• [WORK REQUEST]:
Everything from the line that contains "X0000094441309200711211447" through the final line of the records below should be quoted exactly, except the pictures.

• [EXERCISE MATERIAL]:
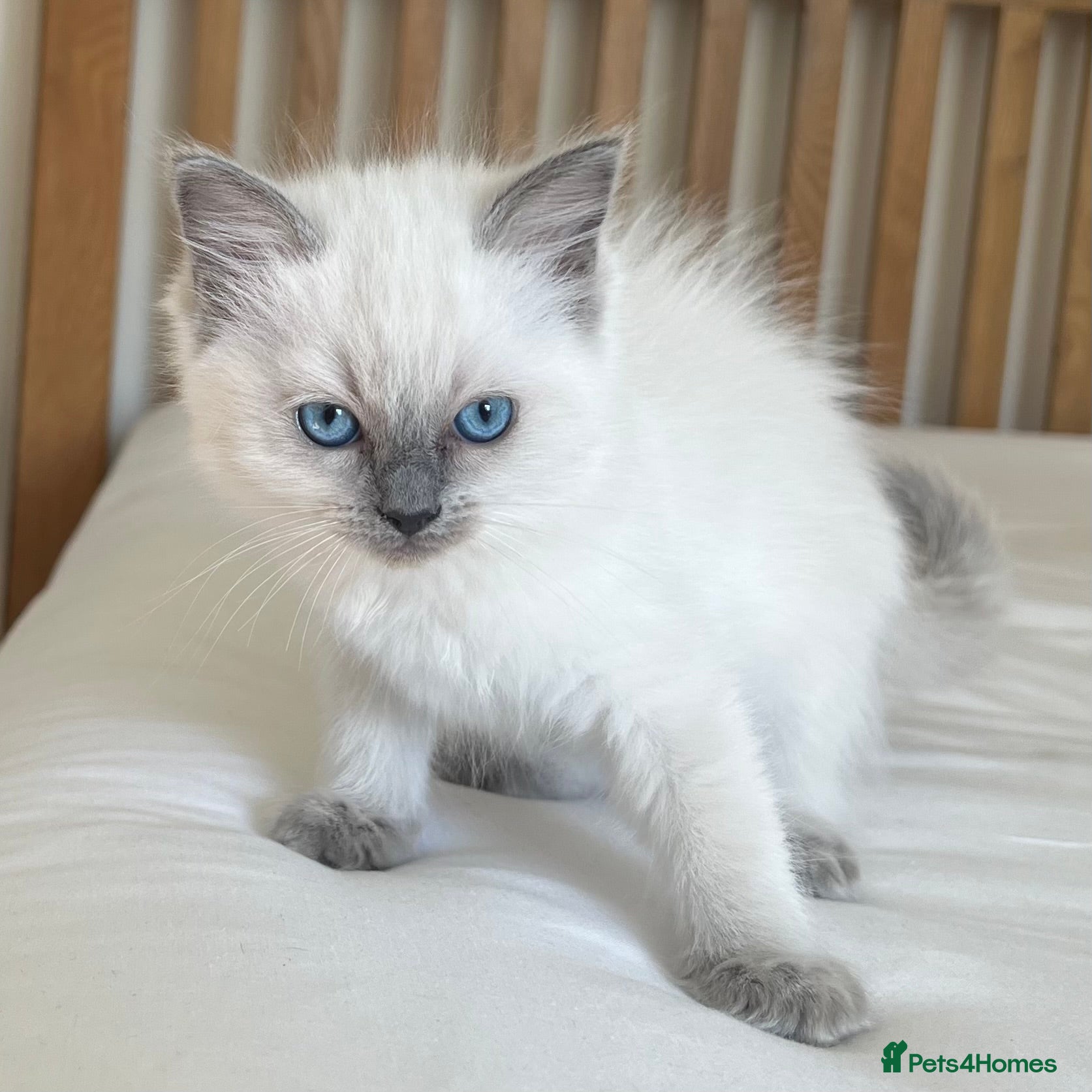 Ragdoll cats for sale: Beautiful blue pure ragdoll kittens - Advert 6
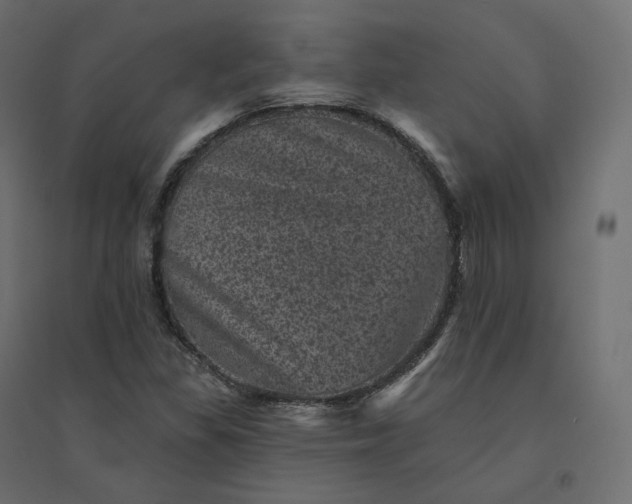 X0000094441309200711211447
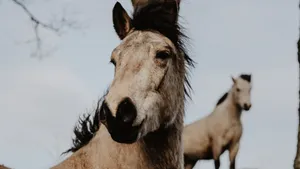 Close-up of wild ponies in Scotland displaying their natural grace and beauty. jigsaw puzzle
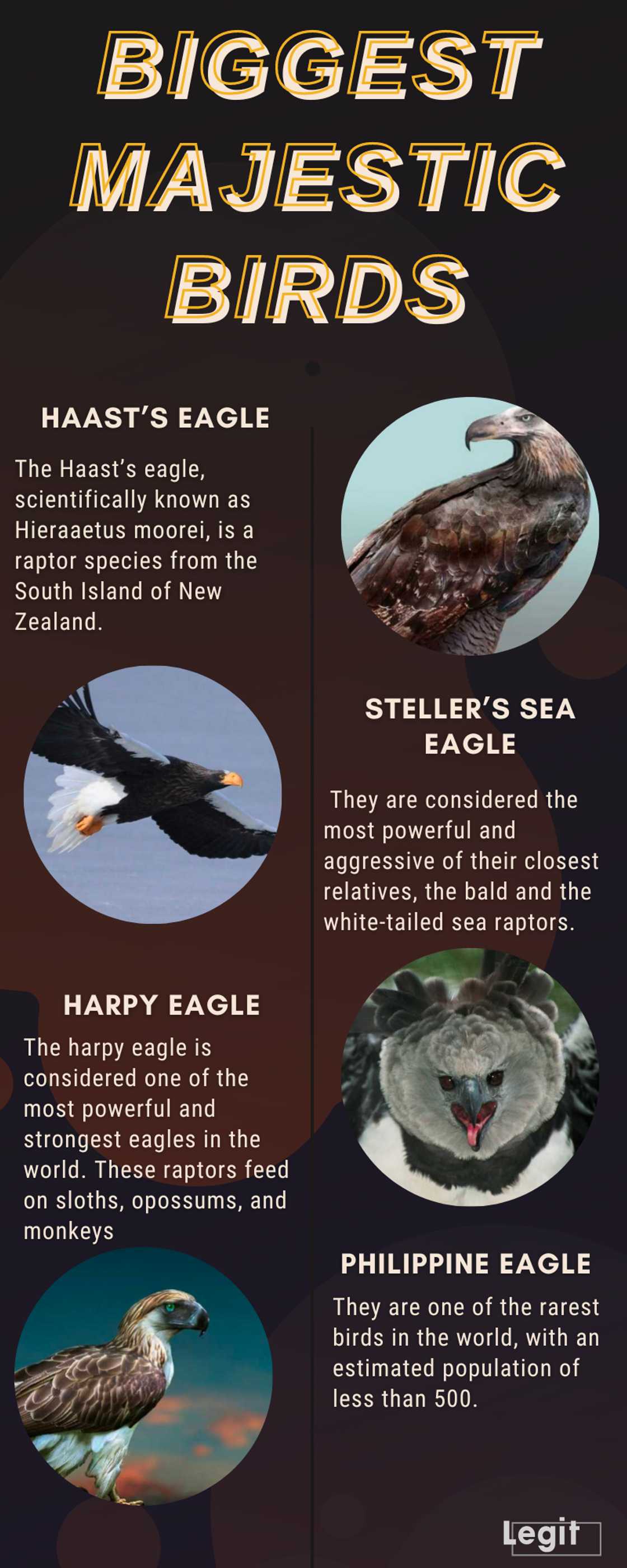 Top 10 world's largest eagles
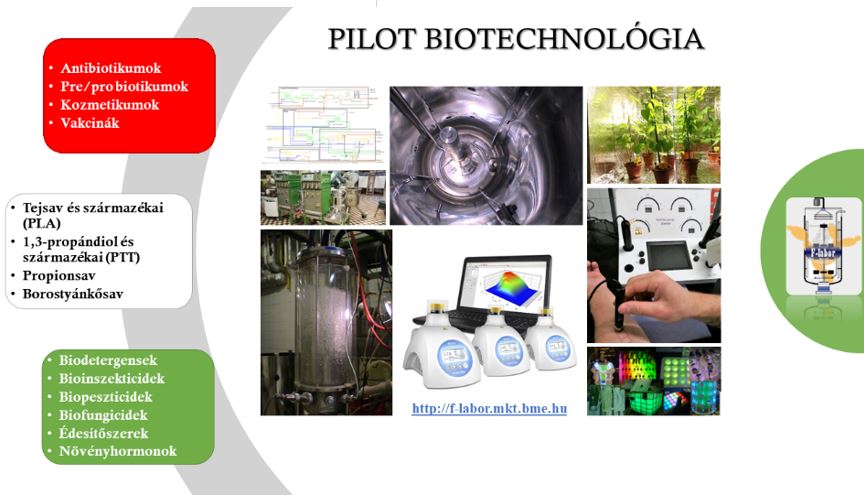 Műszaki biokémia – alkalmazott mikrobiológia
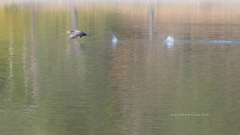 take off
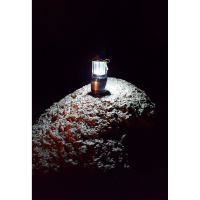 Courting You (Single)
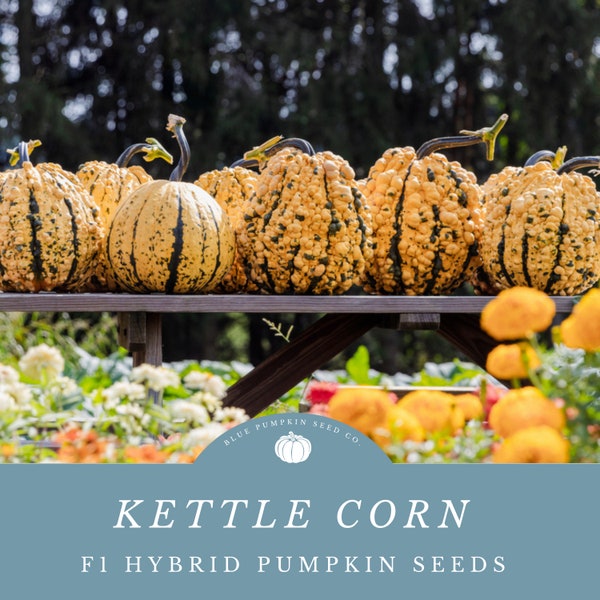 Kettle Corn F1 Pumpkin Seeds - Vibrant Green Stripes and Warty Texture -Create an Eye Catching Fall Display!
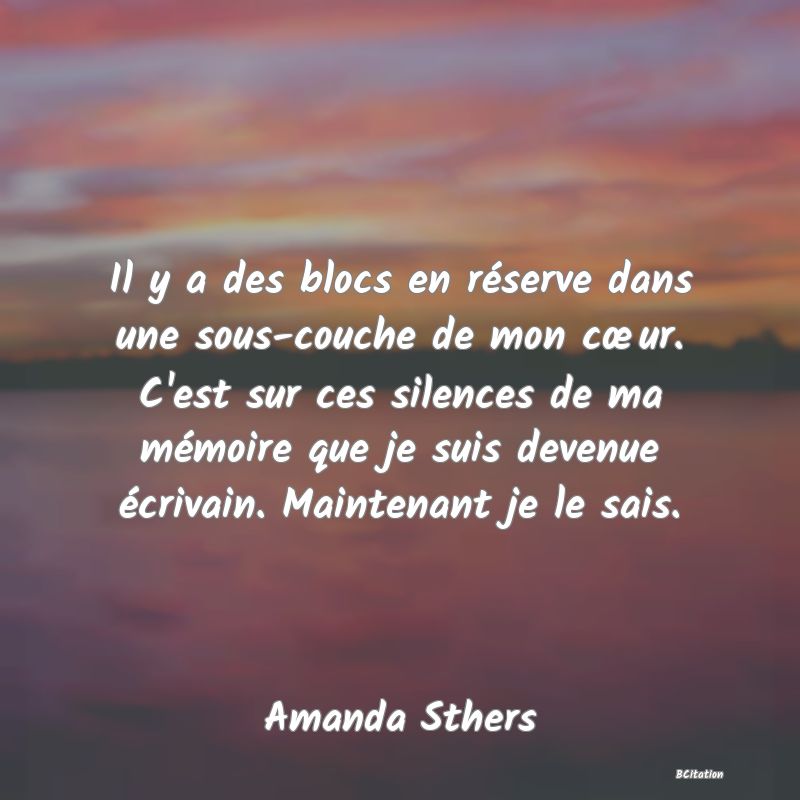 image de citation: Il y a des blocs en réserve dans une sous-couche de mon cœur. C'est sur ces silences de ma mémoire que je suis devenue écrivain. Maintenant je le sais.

• [REPLY TO THE EXERCISE]:
 X0000094441309200711211447
 Close-up of wild ponies in Scotland displaying their natural grace and beauty. jigsaw puzzle
 Top 10 world's largest eagles
 Műszaki biokémia – alkalmazott mikrobiológia
 take off
 Courting You (Single)
 Kettle Corn F1 Pumpkin Seeds - Vibrant Green Stripes and Warty Texture -Create an Eye Catching Fall Display!
 image de citation: Il y a des blocs en réserve dans une sous-couche de mon cœur. C'est sur ces silences de ma mémoire que je suis devenue écrivain. Maintenant je le sais.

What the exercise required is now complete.